• ACTIVITY
Below are some entries. Repeat exactly the lines from the one with "Twisted_Alice: απευθείας συνομιλία ΧΧΧ" through the one with "Furnished Finder property 885905_1 photo 22", and only those.

• Scraped caption text data
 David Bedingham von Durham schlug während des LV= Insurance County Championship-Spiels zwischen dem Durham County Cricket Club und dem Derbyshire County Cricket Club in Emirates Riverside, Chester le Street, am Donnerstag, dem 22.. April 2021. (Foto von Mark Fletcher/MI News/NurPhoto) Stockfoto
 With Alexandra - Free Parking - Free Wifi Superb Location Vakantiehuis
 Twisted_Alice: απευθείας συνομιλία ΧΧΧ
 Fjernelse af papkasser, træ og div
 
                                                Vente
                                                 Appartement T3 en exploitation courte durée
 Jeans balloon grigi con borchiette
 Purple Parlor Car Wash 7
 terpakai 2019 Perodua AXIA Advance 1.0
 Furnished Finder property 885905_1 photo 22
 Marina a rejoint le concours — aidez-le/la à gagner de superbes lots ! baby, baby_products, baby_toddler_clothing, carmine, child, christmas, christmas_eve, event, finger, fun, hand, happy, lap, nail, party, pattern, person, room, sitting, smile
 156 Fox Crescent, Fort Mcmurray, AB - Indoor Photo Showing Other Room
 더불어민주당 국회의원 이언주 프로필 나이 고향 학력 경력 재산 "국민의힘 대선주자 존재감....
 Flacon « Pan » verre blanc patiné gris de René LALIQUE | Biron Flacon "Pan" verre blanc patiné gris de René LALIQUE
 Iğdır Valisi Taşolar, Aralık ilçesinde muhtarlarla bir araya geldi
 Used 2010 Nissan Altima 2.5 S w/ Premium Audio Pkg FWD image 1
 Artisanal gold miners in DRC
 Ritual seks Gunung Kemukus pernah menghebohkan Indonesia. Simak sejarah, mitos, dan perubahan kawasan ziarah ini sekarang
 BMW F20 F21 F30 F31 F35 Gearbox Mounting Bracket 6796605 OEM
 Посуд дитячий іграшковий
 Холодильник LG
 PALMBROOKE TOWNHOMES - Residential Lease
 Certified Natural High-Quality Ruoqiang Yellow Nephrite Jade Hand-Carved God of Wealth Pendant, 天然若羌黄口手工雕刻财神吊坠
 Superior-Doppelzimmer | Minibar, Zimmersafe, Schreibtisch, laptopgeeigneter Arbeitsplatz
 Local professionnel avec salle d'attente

• RESPONSE TO THIS TASK
 Twisted_Alice: απευθείας συνομιλία ΧΧΧ
 Fjernelse af papkasser, træ og div
 
                                                Vente
                                                 Appartement T3 en exploitation courte durée
 Jeans balloon grigi con borchiette
 Purple Parlor Car Wash 7
 terpakai 2019 Perodua AXIA Advance 1.0
 Furnished Finder property 885905_1 photo 22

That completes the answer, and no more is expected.